There is no pytorch here. I just wanted to share the fact that 150 lines of code with numpy and a simple linear policy with a basic SGD can reach such performance in MuJoCo environments:

The algorithm is from Ben Recht’s team (http://www.argmin.net/2018/03/20/mujocoloco/)

My next step is to implement a special pytorch optimizer (or a module?) to make these 150 numpy lines into 50 pytorch lines.

Kamer_Ali_Yuksel · January 14, 2019, 10:45am

That would be great. I am looking forward for your PyTorch implementation of ARS. I found one here:

github.com

LAIRLAB/ARS-experiments/blob/8c832b8c5e996621469436464716234679457cbf/ars/mnist_ars.py

'''
Augmented random search for MNIST
Author: Anirudh Vemula
'''
from __future__ import print_function
import argparse
import torch
import torch.nn as nn
import torch.nn.functional as F
import torch.optim as optim
from torchvision import datasets, transforms
from torch.autograd import Variable
from envs.mnist.mnist import MNIST
from utils.ars import *
import numpy as np
import random
import ipdb

parser = argparse.ArgumentParser(description='PyTorch MNIST Example')
# Experiment parameters

This file has been truncated. show original

alexis-jacq · January 17, 2019, 9:58am

I did this : https://github.com/alexis-jacq/Pytorch_Policy_Search_Optimizer

So it’s possible to explore ARS performance using other kind of policies than linear using Pytorch tools.
But I did this before version 0.4, it’s probably a bit old-fashion now.

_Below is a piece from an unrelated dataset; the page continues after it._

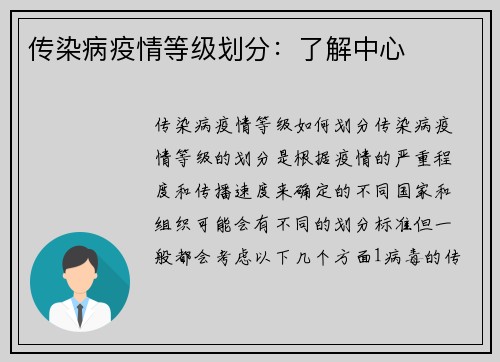 传染病疫情等级划分：了解中心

Kamer_Ali_Yuksel · January 17, 2019, 12:59pm

Thank you very much (also for your fast response), this is great. However, it would be even greater if it can also include a simple classification example (rather than RL) where I guess the augmented random search can still be used (at least that is the case in the above example). Because it would be much easier for me to grasp it on such simple classification setting than RL, in which I am newbie; and give it a short in my existing problems. Cheers.